Kimberly and Wendy Welsh take time out for a photo while making facemasks for friends and health workers. The two have made over 400 masks in the last few weeks and delivered them free of charge.
The mother and daughter “tag-team” are creating these masks free of charge. “I’ve been sewing for years, and so I have a very healthy addiction to buying fabrics,” said Welsh. “I’ve got boxes and boxes of quilt fabric, and we’ve just been making them (masks) out of all that.”

Two hundred of her custom-made masks have gone to Fresno’s Valley Health Team where a former Lemoore High School nurse, Lisa DeGraff, serves as director of nursing. “I made 200 for Lisa. She’s in charge of Valley Health Team in Fresno. She called me and she said, ‘Hey, I need 200 of them,' so my daughter and I, we just delivered the last of them yesterday.”

DeGraff, when contacted by The Leader, said her facility, like many others in the Valley, was in dire need of face masks and when she heard that Welsh was making them, she reached out to her friend. “I saw that Wendy was making masks. I emailed her and said Valley Health Team could really use some masks. She really saved us,” said a thankful DeGraff.

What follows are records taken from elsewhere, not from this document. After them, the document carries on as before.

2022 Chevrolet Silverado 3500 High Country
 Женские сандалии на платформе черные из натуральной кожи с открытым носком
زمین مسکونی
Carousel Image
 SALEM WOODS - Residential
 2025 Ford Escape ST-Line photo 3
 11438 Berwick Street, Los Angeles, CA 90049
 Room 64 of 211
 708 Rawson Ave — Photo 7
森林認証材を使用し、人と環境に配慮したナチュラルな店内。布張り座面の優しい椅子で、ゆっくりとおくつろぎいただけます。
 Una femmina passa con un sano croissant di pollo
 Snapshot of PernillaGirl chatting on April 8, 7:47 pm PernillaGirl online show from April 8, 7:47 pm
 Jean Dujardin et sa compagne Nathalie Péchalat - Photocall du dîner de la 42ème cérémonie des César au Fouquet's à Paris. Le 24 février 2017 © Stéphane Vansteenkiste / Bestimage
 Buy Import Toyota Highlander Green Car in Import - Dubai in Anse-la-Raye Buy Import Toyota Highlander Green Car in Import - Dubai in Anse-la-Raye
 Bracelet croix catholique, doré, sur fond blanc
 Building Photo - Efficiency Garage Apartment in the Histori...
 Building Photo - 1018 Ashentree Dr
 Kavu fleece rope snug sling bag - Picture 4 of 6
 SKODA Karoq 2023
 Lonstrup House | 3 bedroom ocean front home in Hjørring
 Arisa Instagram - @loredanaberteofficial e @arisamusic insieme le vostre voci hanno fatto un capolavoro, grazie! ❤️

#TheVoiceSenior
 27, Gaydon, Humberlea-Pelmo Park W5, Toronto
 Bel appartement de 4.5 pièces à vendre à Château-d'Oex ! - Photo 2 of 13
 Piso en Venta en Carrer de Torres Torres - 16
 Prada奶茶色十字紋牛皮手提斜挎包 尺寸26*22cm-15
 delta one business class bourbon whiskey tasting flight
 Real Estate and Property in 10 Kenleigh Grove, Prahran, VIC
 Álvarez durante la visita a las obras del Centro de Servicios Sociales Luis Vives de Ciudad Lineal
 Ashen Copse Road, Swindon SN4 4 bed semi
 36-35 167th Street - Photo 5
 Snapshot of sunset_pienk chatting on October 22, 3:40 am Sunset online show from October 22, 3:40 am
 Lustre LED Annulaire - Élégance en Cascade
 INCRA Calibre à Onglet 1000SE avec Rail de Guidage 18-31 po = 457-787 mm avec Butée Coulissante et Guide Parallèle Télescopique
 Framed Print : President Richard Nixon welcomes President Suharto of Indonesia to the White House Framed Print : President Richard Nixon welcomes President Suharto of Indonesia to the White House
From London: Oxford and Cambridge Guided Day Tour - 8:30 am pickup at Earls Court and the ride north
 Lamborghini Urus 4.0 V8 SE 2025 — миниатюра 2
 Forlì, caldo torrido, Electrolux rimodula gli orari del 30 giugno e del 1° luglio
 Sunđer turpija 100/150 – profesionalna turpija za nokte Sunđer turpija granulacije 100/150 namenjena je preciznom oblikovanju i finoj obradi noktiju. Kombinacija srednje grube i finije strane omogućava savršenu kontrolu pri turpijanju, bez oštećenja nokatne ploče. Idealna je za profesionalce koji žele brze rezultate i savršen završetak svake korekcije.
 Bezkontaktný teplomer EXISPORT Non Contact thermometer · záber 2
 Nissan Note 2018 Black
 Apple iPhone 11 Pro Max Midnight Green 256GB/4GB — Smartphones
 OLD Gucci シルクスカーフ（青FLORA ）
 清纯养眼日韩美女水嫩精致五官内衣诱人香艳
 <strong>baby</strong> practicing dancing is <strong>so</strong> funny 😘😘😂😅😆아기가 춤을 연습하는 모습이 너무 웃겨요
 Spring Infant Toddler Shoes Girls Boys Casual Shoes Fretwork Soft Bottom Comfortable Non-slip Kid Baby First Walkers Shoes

“Valley Health Team is a federally qualified health care center, and we have clinics from Dinuba to Kingsburg, Clovis, Kerman – all across the three counties. We were in such dire straits because we are actively doing testing.”

DeGraff needed equipment, particularly masks.

“I needed 200 masks,” she said. “She didn’t charge us a dime. She and Kimberly spent two and a half weeks sewing masks for our nursing staff in 10 clinics, and they’re all wearing those masks that Wendy made for us. She saved us from really having to put our staff at risk.”

Welsh also sent 20 masks to friends in Florida – where she and her family used to live. “They’ve kind of gone all over,” she said. “We sent some to Japan, Michigan, Texas, Alabama, Oregon, Washington – wherever we have friends. They’ve just kind of been asking me, so we send them off.”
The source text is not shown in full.